Saturday I taught a boating safety course for young children (8-13) and adults through the Coast Guard Auxilary. What I always marvel at in these classes is the enthusiasm the children bring to learning about boating. I use a lot of question and answer to develop the themes and the children actively participate. I have noticed that how one handles a wrong answer is critically important. Any negativity in my response and the child shuts down for the rest of the day and stops participating. I think that even at this young age schools have already conditioned the children not to make mistakes.

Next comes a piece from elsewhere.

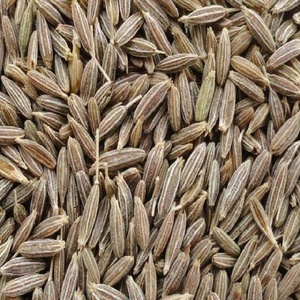 100% บริสุทธิ์ที่มีคุณภาพอาหารเสริมสมุนไพรเมล็ดยี่หร่าราคาขายส่งในประเทศอินเดียผู้ผลิตชั้นนำในอินเดีย - Product Image 1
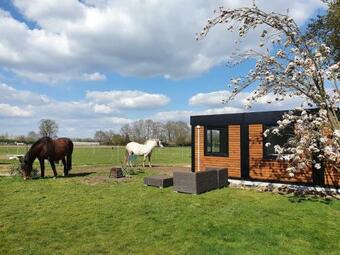 Houten Huisje Tussen Paarden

Talking to one of the parents during the lunch break provided an interesting insight. He talked about how many, many mistakes he had made when he first started boating, but that over time he had become more accomplished. In other words, he had not stopped boating because he had made mistake after mistake. Three observations:
- Boating is a very "hands on" activity with little theory or complex concepts to master before starting out. By doing boating one learns to safely and successfully operate the boat
- When you learn boating by yourself, you have no one to criticize you (except perhaps a terrified wife) and you overcome the mistakes over time
- With thousands of dollars invested in a boat, one is motivated to learn how to do it.
Much of the way one learns boating mirrors Piaget's theory of how children learn. The learning is hands on, self-directed and with little input from a teacher.
I am increasingly coming to enjoy teaching young children. They are like sponges if you do not snuff out their natural enthusiasm. Maybe I should start a charter school using a boat. Wonder how expensive a marine Internet connection is?